(Problem to work on): The listing below is to be copied exactly, with pictures excluded.

(The data):
────────
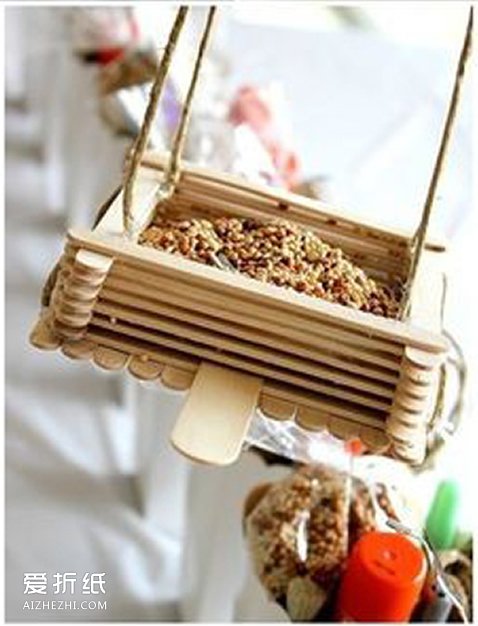 如何制作简单小鸟喂食器 手工冰棍棒喂食器的做法- www.aizhezhi.com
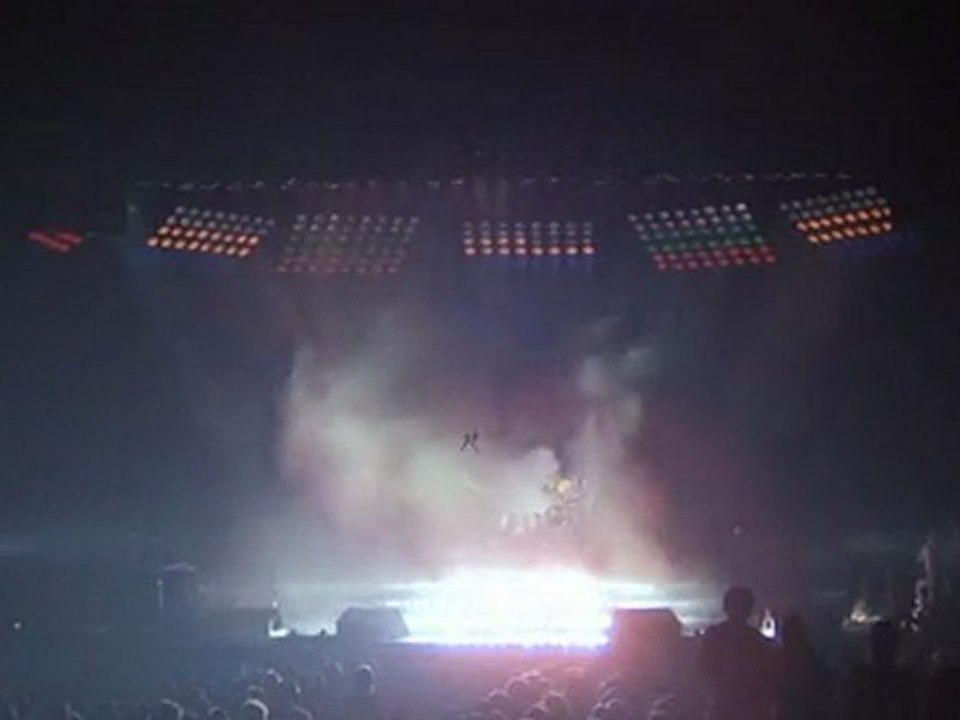 Queen - Bohemian Rhapsody (Live)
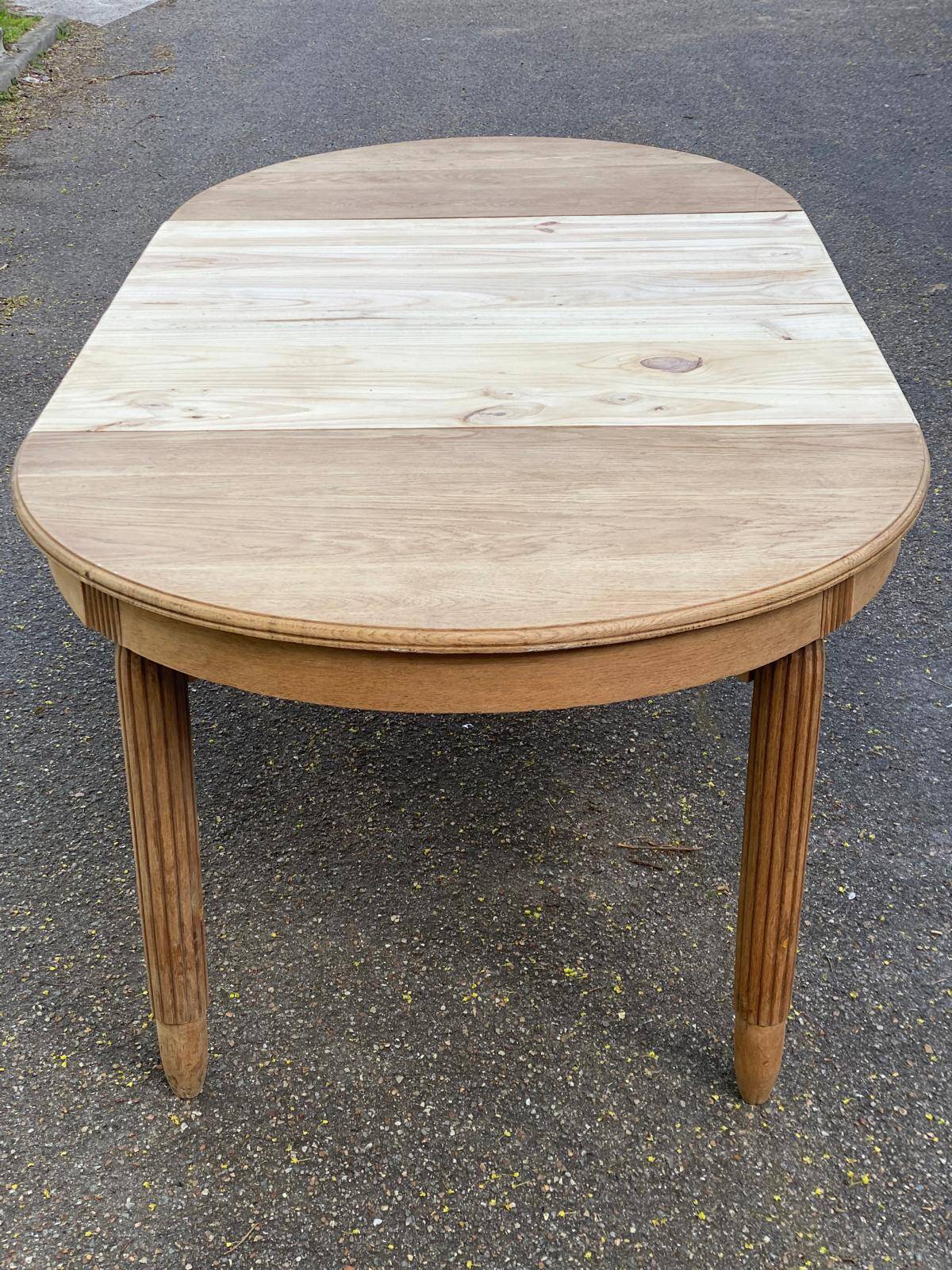 Renovated round Art Deco dining table, extendable, made of solid oak, 213cm.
────────
(Response below):
 如何制作简单小鸟喂食器 手工冰棍棒喂食器的做法- www.aizhezhi.com
 Queen - Bohemian Rhapsody (Live)
 Renovated round Art Deco dining table, extendable, made of solid oak, 213cm.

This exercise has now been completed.